Of the 4 households, 25.0% had children under the age of 18; 50.0% were married couples living together; 0.0% had a female householder with no spouse or partner present. 25.0% of households consisted of individuals and 25.0% had someone living alone who was 65 years of age or older. The average household size was 1.9 and the average family size was 1.9. The percent of those with a bachelor's degree or higher was estimated to be 0.0% of the population.

25.0% of the population was under the age of 18, 0.0% from 18 to 24, 37.5% from 25 to 44, 12.5% from 45 to 64, and 25.0% who were 65 years of age or older. The median age was 39.5 years. For every 100 females, there were 700.0 males. For every 100 females ages 18 and older, there were 500.0 males.

The 2016–2020 5-year American Community Survey estimates show that the median household income was $31,250 (with a margin of error of +/- $2,249) and the median family income was $31,250 (+/- $2,249).

===2010 census===
As of the census of 2010, there were 18 people, 8 households, and 6 families residing in the city. The population density was 94.7 PD/sqmi. There were 10 housing units at an average density of 52.6 /sqmi. The racial makeup of the city was 100.0% White.

There were 8 households, of which 25.0% had children under the age of 18 living with them, 75.0% were married couples living together, and 25.0% were non-families. 25.0% of all households were made up of individuals, and 12.5% had someone living alone who was 65 years of age or older. The average household size was 2.25 and the average family size was 2.67.
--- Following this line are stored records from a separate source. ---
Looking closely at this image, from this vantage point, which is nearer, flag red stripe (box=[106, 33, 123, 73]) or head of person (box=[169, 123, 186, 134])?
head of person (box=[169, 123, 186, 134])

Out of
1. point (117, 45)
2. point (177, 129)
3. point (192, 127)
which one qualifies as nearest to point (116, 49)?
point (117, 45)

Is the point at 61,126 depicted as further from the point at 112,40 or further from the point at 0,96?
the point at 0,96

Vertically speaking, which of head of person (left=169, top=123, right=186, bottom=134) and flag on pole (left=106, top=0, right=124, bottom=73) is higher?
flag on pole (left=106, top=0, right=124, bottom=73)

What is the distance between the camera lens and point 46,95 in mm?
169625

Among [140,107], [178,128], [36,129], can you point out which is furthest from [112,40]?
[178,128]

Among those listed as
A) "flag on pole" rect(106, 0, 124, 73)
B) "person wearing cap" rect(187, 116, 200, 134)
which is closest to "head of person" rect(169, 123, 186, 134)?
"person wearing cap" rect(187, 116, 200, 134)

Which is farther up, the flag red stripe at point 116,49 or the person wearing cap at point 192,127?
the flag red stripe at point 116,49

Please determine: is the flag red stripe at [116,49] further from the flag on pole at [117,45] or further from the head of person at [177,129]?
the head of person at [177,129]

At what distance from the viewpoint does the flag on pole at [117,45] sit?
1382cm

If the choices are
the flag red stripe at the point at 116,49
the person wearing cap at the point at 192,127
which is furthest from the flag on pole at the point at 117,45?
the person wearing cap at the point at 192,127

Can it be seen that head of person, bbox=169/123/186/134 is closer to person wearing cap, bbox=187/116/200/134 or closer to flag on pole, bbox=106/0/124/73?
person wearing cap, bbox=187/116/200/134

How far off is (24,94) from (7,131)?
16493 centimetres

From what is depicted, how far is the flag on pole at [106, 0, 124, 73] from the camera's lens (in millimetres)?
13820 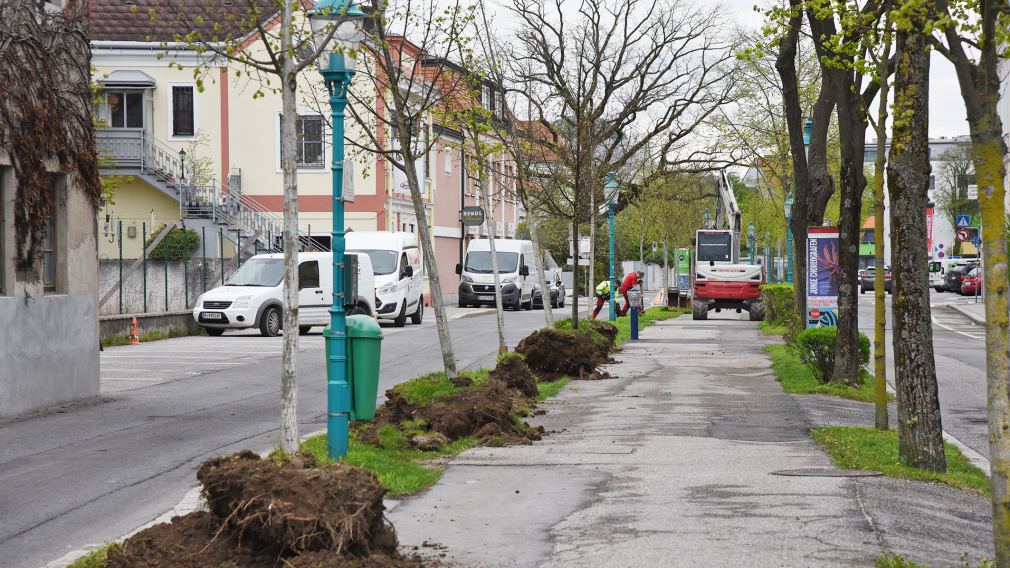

The median age in the city was 48.5 years. 22.2% of residents were under the age of 18; 0.0% were between the ages of 18 and 24; 22.2% were from 25 to 44; 50.1% were from 45 to 64; and 5.6% were 65 years of age or older. The gender makeup of the city was 50.0% male and 50.0% female.

===2000 census===
As of the census of 2000, there were 11 people, 7 households, and 3 families residing in the city. The population density was 57.1 PD/sqmi. There were 7 housing units at an average density of 36.3 /sqmi. The racial makeup of the city was 100.00% White.

There were 7 households, out of which none had children under the age of 18 living with them, 57.1% were married couples living together, and 42.9% were non-families. 42.9% of all households were made up of individuals, and 14.3% had someone living alone who was 65 years of age or older. The average household size was 1.57 and the average family size was 2.00.

In the city, the population was spread out, with 54.5% from 45 to 64, and 45.5% who were 65 years of age or older. The median age was 54 years. For every 100 females, there were 120.0 males. For every 100 females age 18 and over, there were 120.0 males.

The median income for a household in the city was $46,250, and the median income for a family was $46,250. Males had a median income of $19,375 versus $26,250 for females. The per capita income for the city was $20,845. None of the population and none of the families were below the poverty line.

==Education==
The community is served by Central Plains USD 112 public school district.